Write out exactly the lines from the one that contains "Colorful Sloth" down to the last line of the material below, keeping both ends and omitting pictures.

» The input:
"""

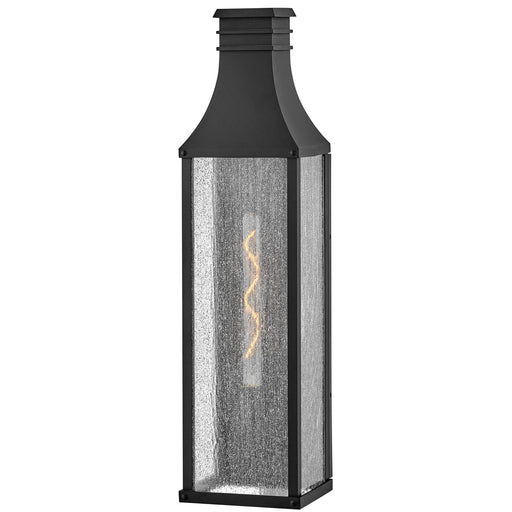Beacon Hill Tall Outdoor Wall Sconce - Museum Black Finish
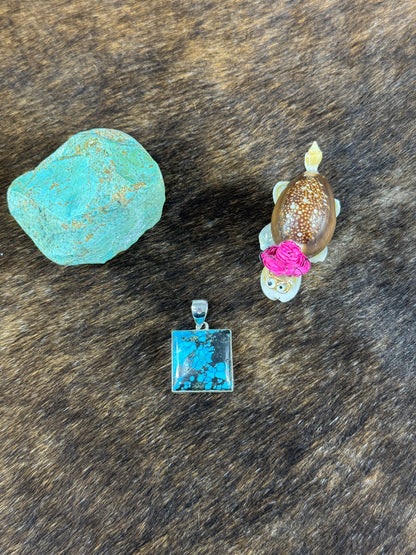 Tibetan Turquoise Pendants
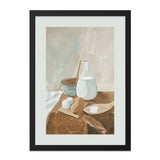 Still Life Wall Art, Kitchen Wall Decor, Milk and Eggs Print, Rustic Wall Decor, Farmhouse Art, Minimalist Painting, Neutral Tones Art Print - Tawshia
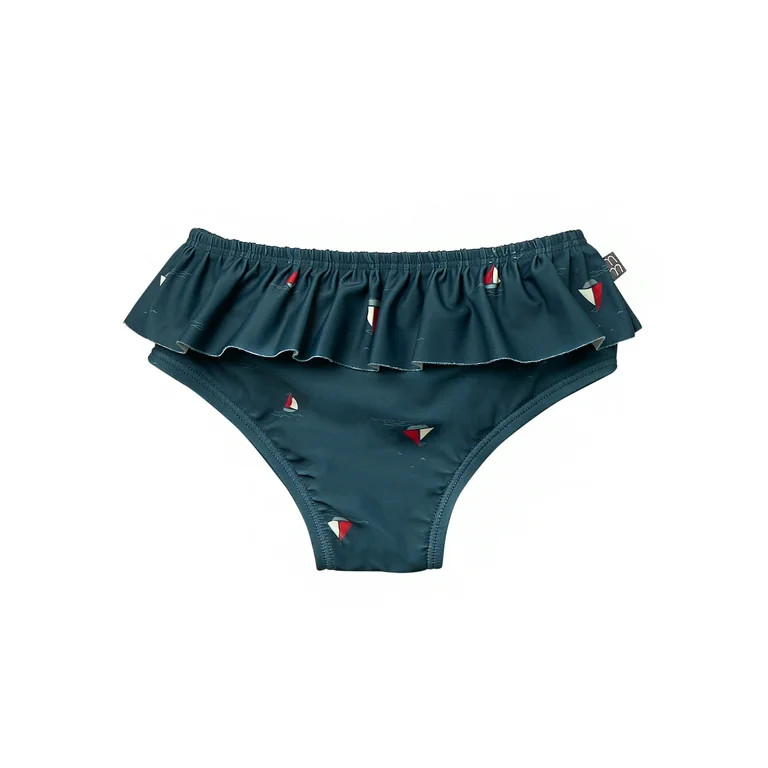 Modern Moments by Gerber Toddler Girl Smocked Top Tankini with Ruffle Set, 2-Piece, Sizes 12M - 5... | Walmart (US)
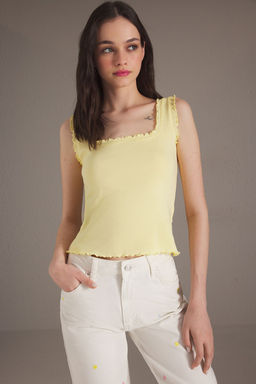 TRENDYOLMILLA Pembe Karyoka Dikisli Fitted/Vucuda Oturan Orme Atlet TWOSS25AL00024  фото 7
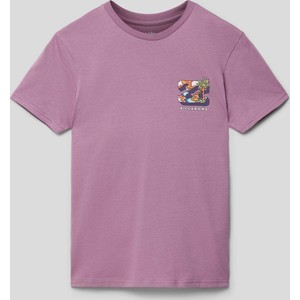 Fioletowa koszulka dziecięca Billabong z bawełny dla chłopców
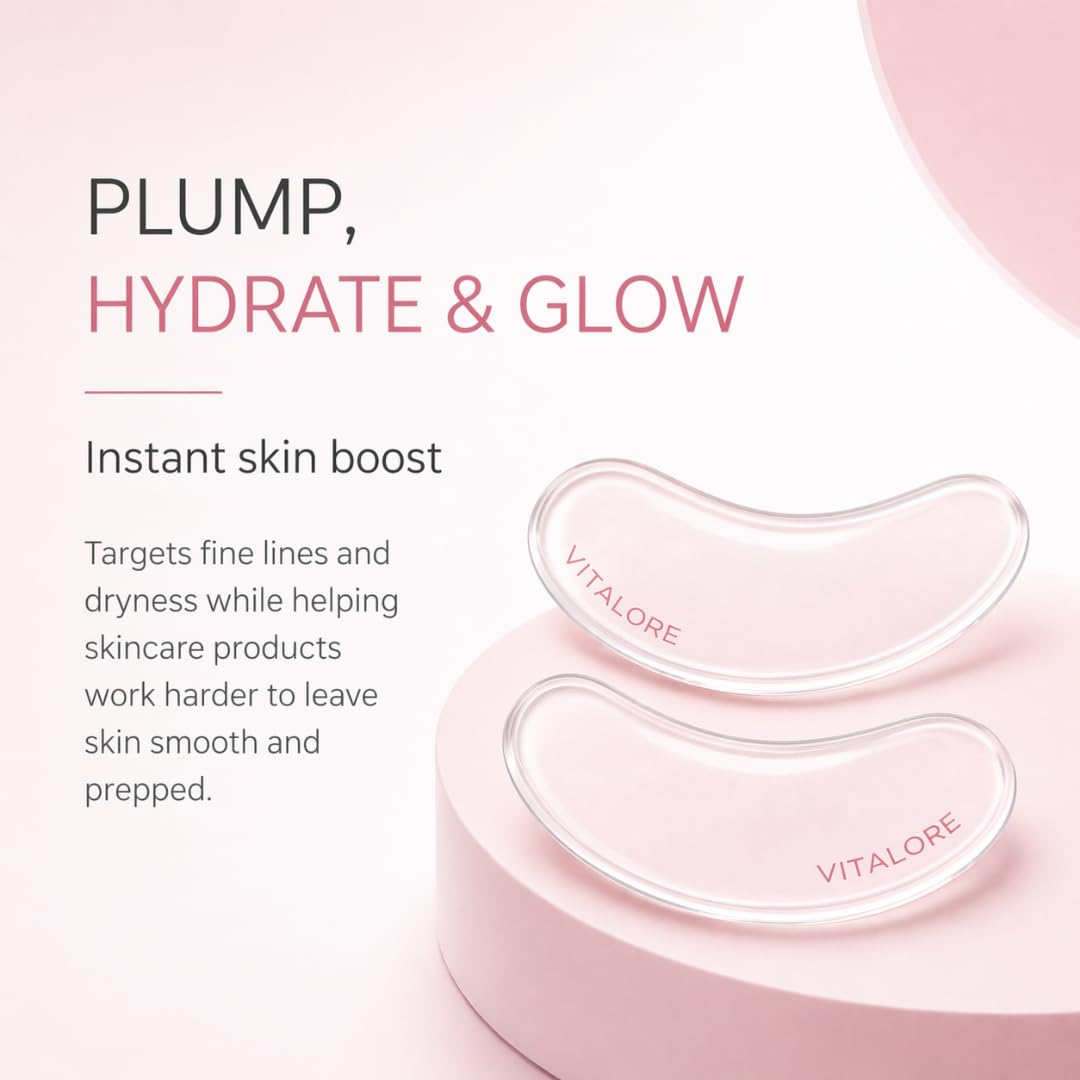 Vitalore application under-eye demonstration aiding better serum absorption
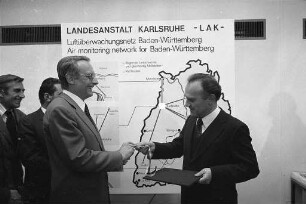 Produktion der ersten automatischen Meßstation des Luftüberwachungsnetzes in Baden-Württemberg durch die Siemens Werke Karlsruhe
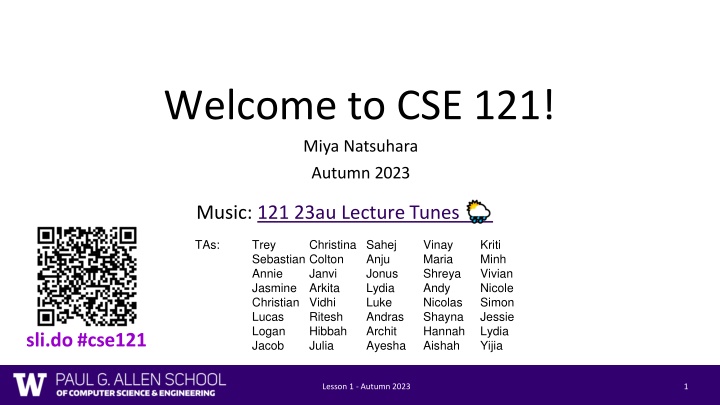 welcome to cse 121 miya natsuhara autumn 2023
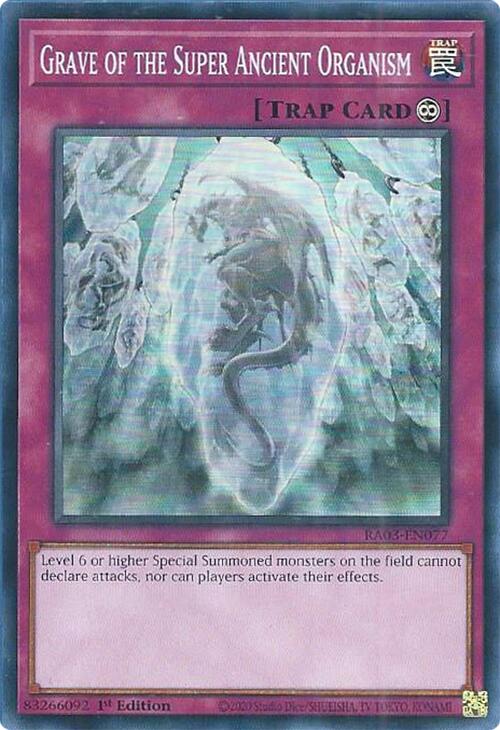 Grave of the Super Ancient Organism [RA03-EN077] Super Rare - Yugioh Cards For Your TCG Needs!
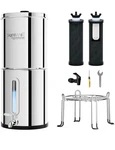 Purewell 2.25g Gravity Water Filter System With Level Window, 3-stage 0.01. Fixed Price $93.99.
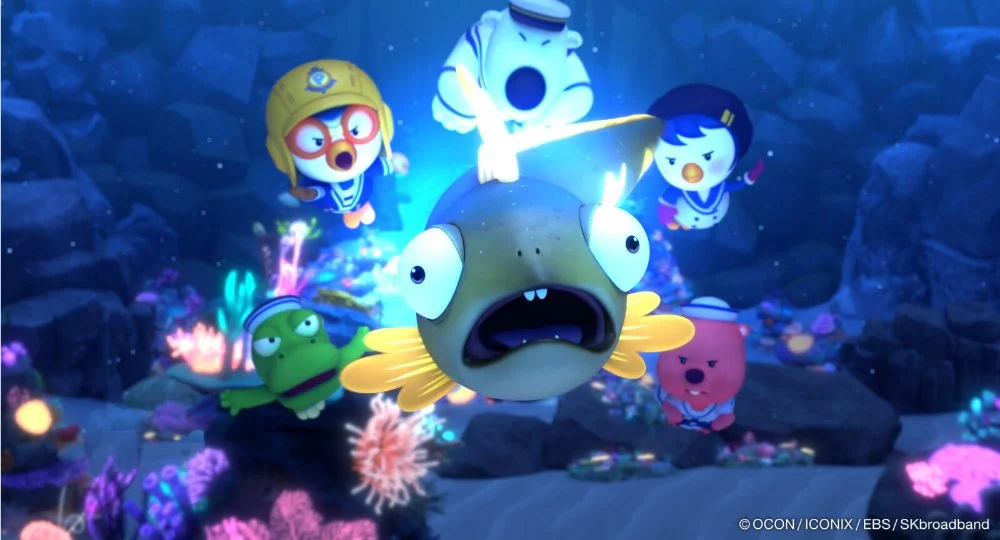 Кадр из фильма Пингвинёнок Пороро: Подводные приключения / Pororo, Great Adventure Under the Sea Кадр из фильма Пингвинёнок Пороро: Подводные приключения / Pororo, Great Adventure Under the Sea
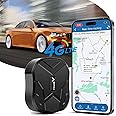 4G GPS Tracker Devices, Zeerkeer Strong Magnetic Car GPS Tracker Anti-lost 4G Vehicle Tracker Real Time Positioning Anti Theft Tracking Device 5000mAh Waterproof Rechargable 4G Tracker TK905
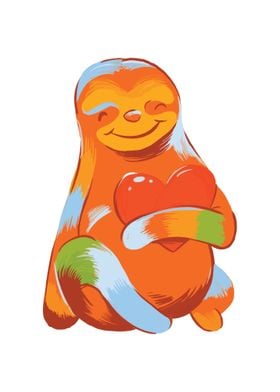 Colorful Sloth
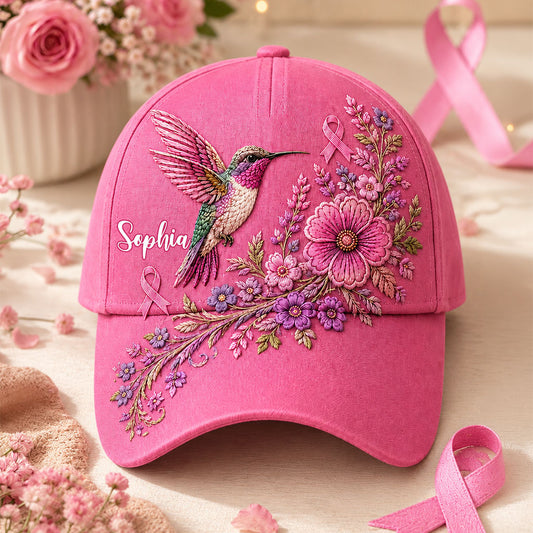 Personalized Name Breast Cancer 3D All Over Printed Cap QFUU6290703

"""

» Task output:
 Colorful Sloth
 Personalized Name Breast Cancer 3D All Over Printed Cap QFUU6290703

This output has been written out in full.